Auto 1111 SDK: Stable Diffusion Python library

Auto 1111 SDK is a lightweight Python library for using Stable Diffusion generating images, upscaling images, and editing images with diffusion models. It is designed to be a modular, light-weight Python client that encapsulates all the main features of the [Automatic 1111 Stable Diffusion Web Ui](https://github.com/AUTOMATIC1111/stable-diffusion-webui). Auto 1111 SDK offers 3 main core features currently:

Text-to-Image, Image-to-Image, Inpainting, and Outpainting pipelines. Our pipelines support the exact same parameters as the Stable Diffusion Web UI, so you can easily replicate creations from the Web UI on the SDK.
Upscaling Pipelines that can run inference for any Esrgan or Real Esrgan upscaler in a few lines of code.
An integration with Civit AI to directly download models from the website.

Join our Discord!!

Demo

We have a colab demo where you can run many of the operations of Auto 1111 SDK. Check it out here!!

Installation

We recommend installing Auto 1111 SDK in a virtual environment from PyPI. Right now, we do not have support for conda environments yet.

pip3 install auto1111sdk

To install the latest version of Auto 1111 SDK (with controlnet now included), run:

pip3 install git https://github.com/saketh12/Auto1111SDK.git

Quickstart

Generating images with Auto 1111 SDK is super easy. To run inference for Text-to-Image, Image-to-Image, Inpainting, Outpainting, or Stable Diffusion Upscale, we have 1 pipeline that can support all these operations. This saves a lot of RAM from having to create multiple pipeline objects with other solutions.

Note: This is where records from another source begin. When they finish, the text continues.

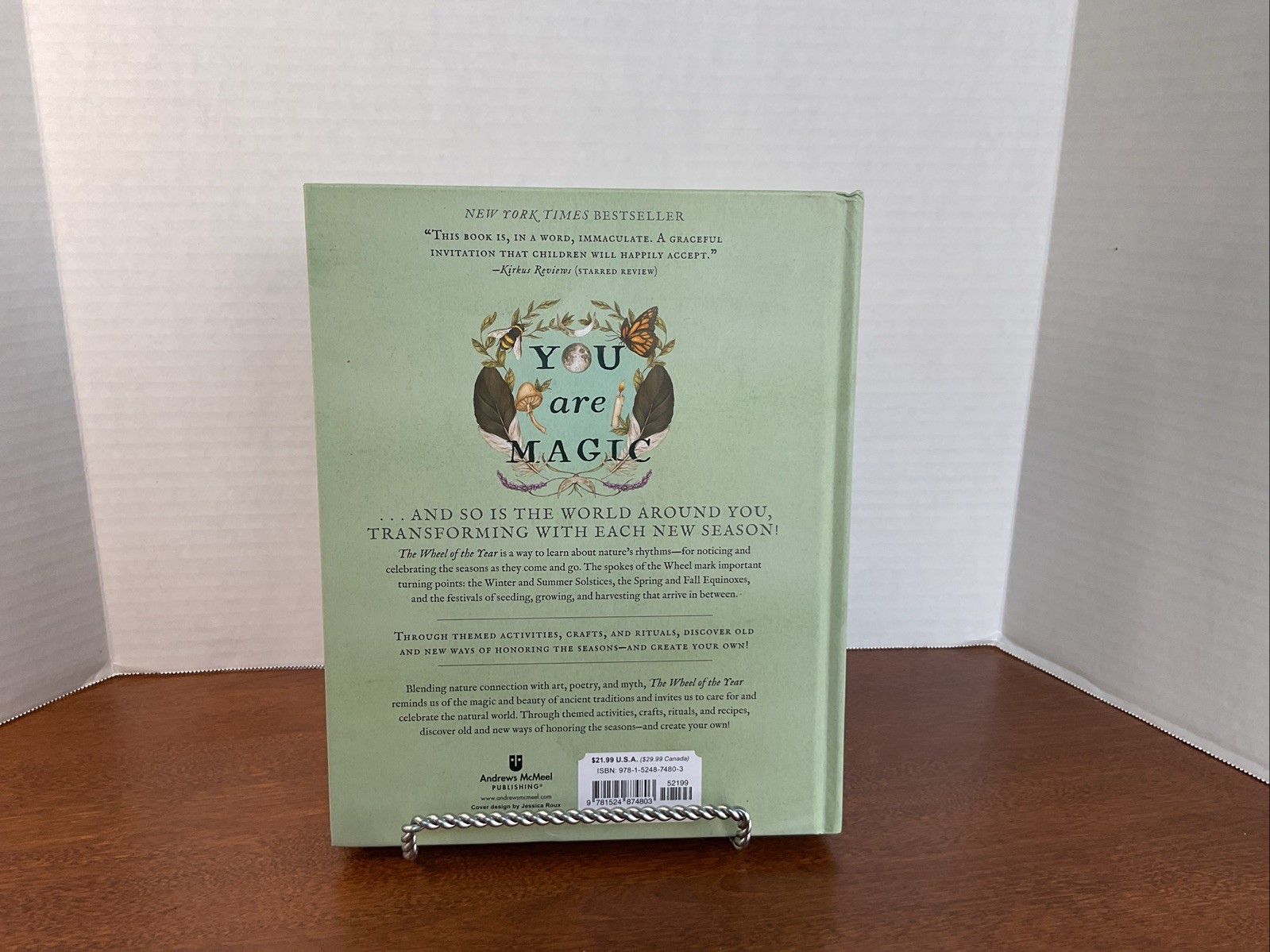 The Wheel of the Year: An Illustrated Guide to Nature’s Rhythms by Fiona Cook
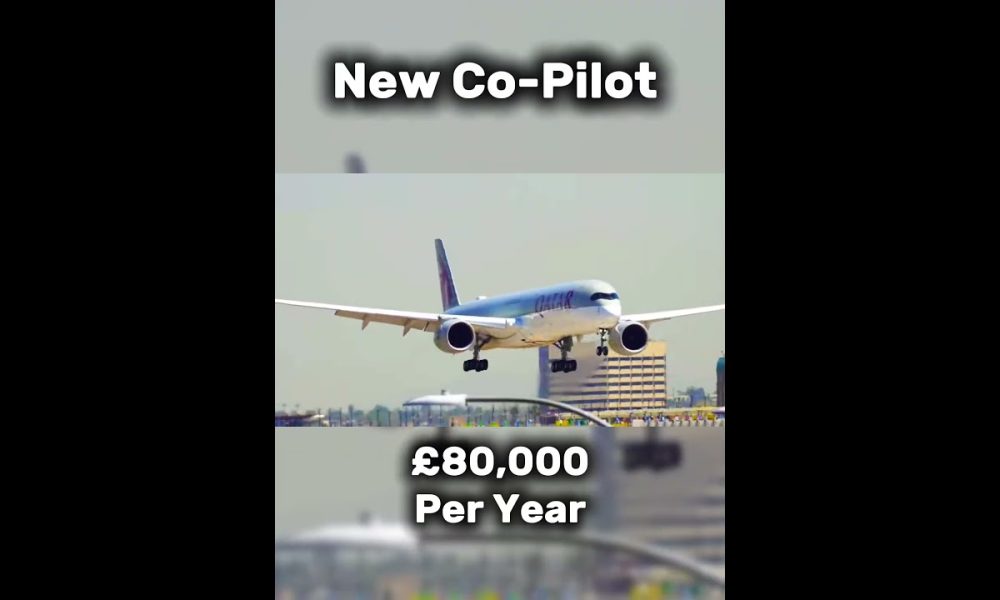 Is this a lot of money? #airplane #aviation #avgeek #planes #pilot #money
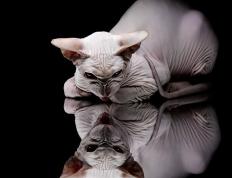 开云体育-跨越疆界的霸业，从深圳新翼到紫金王座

from auto1111sdk import StableDiffusionPipeline

pipe = StableDiffusionPipeline("<Path to your local safetensors or checkpoint file>")

prompt = "a picture of a brown dog"
output = pipe.generate_txt2img(prompt = prompt, height = 1024, width = 768, steps = 10)

output[0].save("image.png")

Controlnet

Right now, Controlnet only works with fp32. We are adding support for fp16 very soon.

from auto1111sdk import StableDiffusionPipeline
from auto1111sdk import ControlNetModel

model = ControlNetModel(model="<THE CONTROLNET MODEL FILE NAME (WITHOUT EXTENSION)>", 
                   image="<PATH TO IMAGE>")

pipe = StableDiffusionPipeline("<Path to your local safetensors or checkpoint file>", controlnet=model)

prompt = "a picture of a brown dog"
output = pipe.generate_txt2img(prompt = prompt, height = 1024, width = 768, steps = 10)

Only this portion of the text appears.